** Opening Study material block **
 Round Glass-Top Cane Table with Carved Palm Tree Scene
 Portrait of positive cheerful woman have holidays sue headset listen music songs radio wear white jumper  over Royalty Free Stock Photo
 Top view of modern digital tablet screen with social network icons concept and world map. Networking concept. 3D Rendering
** Closing Study material block **
** Opening Study material block **
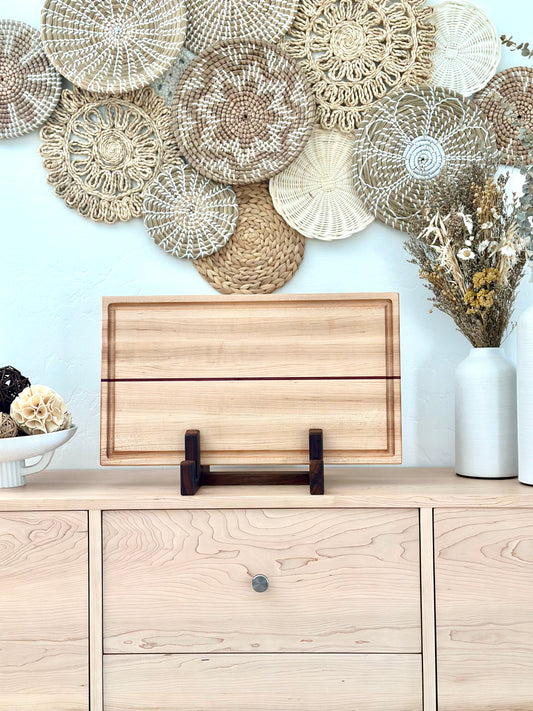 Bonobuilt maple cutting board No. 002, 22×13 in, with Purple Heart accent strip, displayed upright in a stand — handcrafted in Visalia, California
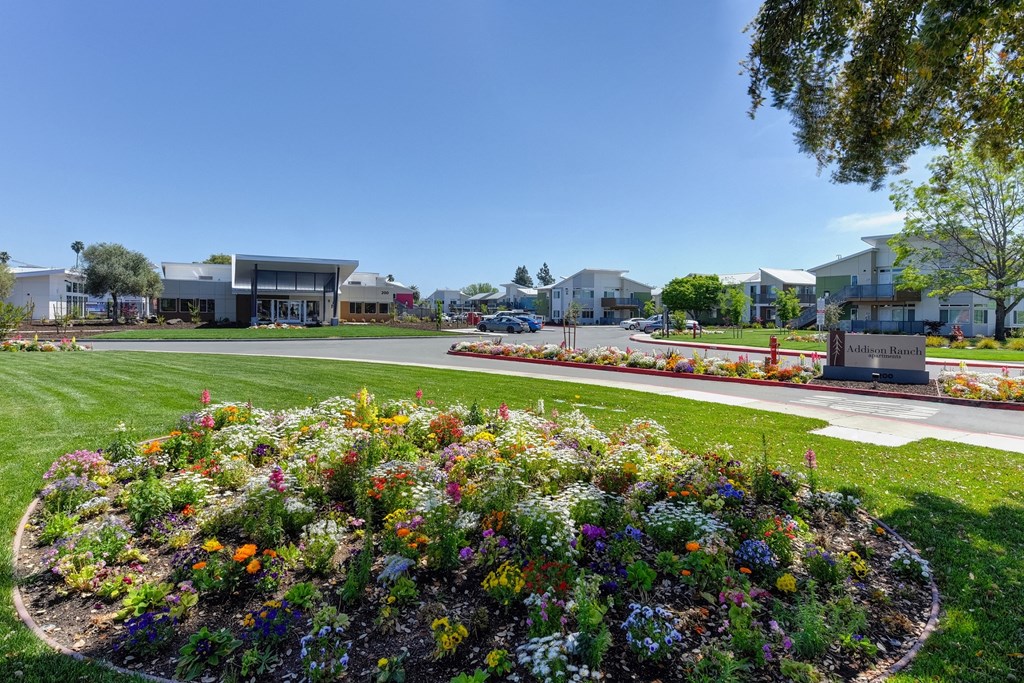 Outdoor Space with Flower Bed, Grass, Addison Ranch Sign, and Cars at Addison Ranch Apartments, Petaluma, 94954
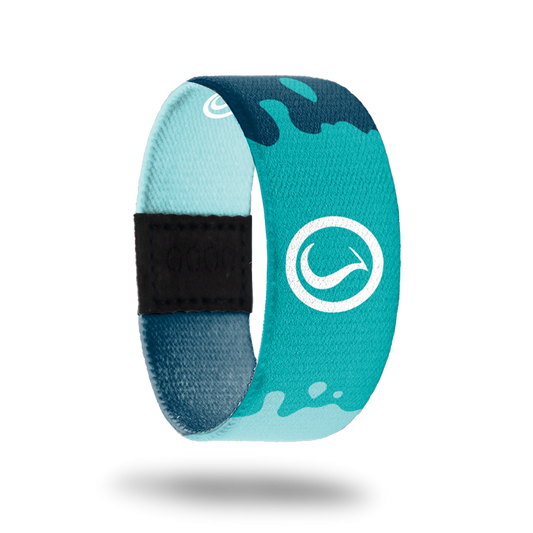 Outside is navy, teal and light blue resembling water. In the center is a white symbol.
** Closing Study material block **
** Opening Study material block **
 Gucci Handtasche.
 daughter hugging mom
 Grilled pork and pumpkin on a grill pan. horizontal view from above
** Closing Study material block **
## Exercise details
Begin with the line that has "Portrait of positive" in the listing above and end after the line that has "Top view of"; output those lines exactly.

## Task output
 Portrait of positive cheerful woman have holidays sue headset listen music songs radio wear white jumper  over Royalty Free Stock Photo
 Top view of modern digital tablet screen with social network icons concept and world map. Networking concept. 3D Rendering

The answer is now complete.